» Instructions for the task
Could you return the lines below exactly, from the first line up to and including the line that holds "New 2027 Black"?
*** Begin section ***
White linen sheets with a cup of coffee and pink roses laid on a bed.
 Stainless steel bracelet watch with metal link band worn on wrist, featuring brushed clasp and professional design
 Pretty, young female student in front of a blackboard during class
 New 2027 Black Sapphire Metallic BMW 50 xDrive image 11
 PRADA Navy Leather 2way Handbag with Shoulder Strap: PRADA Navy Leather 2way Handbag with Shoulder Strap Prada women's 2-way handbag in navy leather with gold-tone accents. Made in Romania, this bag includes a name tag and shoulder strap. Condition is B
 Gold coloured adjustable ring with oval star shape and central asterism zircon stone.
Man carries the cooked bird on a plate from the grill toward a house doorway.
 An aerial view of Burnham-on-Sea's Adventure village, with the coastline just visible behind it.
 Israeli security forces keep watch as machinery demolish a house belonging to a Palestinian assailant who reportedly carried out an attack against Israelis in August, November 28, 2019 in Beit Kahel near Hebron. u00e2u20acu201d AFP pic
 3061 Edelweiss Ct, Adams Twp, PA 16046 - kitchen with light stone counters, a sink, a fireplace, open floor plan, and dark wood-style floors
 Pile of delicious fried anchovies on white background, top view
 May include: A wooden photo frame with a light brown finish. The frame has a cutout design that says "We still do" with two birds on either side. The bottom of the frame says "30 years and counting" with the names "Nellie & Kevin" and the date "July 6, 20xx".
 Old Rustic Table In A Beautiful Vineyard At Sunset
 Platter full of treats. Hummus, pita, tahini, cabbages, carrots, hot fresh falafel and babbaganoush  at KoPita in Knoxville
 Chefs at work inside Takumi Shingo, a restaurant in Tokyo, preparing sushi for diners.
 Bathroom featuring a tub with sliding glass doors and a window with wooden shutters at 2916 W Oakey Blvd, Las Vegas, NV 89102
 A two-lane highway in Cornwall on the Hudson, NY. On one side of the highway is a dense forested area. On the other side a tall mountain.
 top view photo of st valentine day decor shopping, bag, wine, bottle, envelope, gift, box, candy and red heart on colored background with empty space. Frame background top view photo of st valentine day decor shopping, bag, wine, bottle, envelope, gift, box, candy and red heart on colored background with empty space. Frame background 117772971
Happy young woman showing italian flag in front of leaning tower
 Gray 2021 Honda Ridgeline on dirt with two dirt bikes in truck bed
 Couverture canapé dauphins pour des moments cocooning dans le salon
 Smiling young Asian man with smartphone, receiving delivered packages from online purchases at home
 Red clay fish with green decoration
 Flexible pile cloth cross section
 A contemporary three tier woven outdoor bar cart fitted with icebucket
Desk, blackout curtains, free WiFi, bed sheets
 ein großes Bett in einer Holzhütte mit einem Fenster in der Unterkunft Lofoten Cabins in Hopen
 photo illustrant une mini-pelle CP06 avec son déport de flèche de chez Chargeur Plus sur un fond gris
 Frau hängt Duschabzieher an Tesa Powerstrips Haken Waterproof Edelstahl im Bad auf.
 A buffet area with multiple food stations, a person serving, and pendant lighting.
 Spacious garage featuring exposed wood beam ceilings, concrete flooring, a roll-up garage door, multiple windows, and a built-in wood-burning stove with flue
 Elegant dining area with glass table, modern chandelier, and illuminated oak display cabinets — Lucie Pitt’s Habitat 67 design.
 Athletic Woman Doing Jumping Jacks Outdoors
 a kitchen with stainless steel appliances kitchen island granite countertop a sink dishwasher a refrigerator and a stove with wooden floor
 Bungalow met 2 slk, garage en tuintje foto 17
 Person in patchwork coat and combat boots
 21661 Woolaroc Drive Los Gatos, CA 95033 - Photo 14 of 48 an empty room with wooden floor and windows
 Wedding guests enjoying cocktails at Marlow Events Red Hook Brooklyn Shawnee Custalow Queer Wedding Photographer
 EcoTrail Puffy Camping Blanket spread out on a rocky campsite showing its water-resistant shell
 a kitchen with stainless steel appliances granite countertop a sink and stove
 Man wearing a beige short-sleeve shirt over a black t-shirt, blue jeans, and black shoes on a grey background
*** End section ***
» Your solution
White linen sheets with a cup of coffee and pink roses laid on a bed.
 Stainless steel bracelet watch with metal link band worn on wrist, featuring brushed clasp and professional design
 Pretty, young female student in front of a blackboard during class
 New 2027 Black Sapphire Metallic BMW 50 xDrive image 11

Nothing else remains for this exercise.